How do you come up with ideas for brand storytelling? Buyer personas can become characters and consumer problems can become story conflicts, but brand stories should cover external and internal stories. To effectively communicate your brand promise through brand storytelling, you need to tell the whole story.
This is where your company culture can become a source of many brand story ideas. A powerful company culture that executives truly live and which trickles down through all levels of the organization can become a story unto itself. Just look at Zappos to see how a company culture can become the brand story.
Company culture must support the brand promise and it must permeate into every consumer experience with the brand. If your company culture runs counter to your brand promise, then consumers will be confused and turn away from your brand.
With that in mind, company culture isn’t just a Human Resources function. It’s every department’s and every employee’s responsibility. If your organization effectively communicates its culture to employees, holds leaders and employees accountable for living the brand promise, and empowers employees to make decisions on a daily basis in support of that culture, then employee and company performance should improve. This improvement positively affects your brand and how consumers perceive it.

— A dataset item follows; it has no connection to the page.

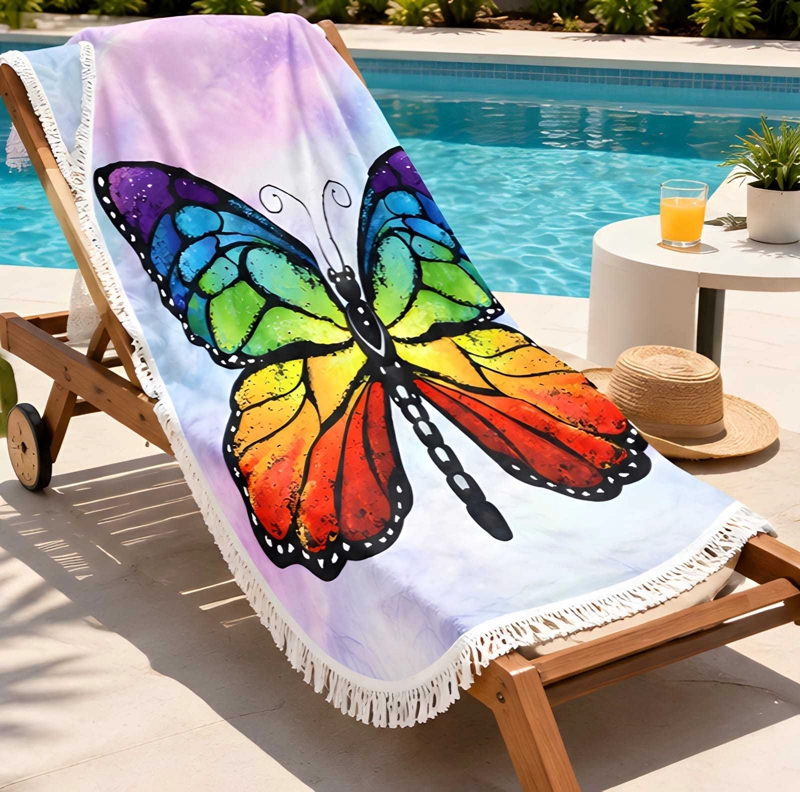 TOALLA DE PLAYA REDONDA 150 CM CON ESTAMPADO Y FLECOS DECORATIVOS - 2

Think about your company culture. Does it support your brand promise? If so, consumers want to hear about it. They want to know that the brand they’re loyal to is backed by a company they can trust from end to end. Therefore, company culture should be included in your brand storytelling. It re-affirms what consumers perceive of your brand and deepens their emotional connection to the brand and thus, deepens their loyalty and advocacy of the brand.
Bottom-line, company culture can be a powerful marketing device if it truly supports your brand promise and the company actually prioritizes it. If your company does, then start leveraging that company culture for brand storytelling as soon as possible. If your company doesn’t, then talk to leadership about reinventing your company culture to improve results, boost employee morale, jumpstart marketing, and spark brand storytelling.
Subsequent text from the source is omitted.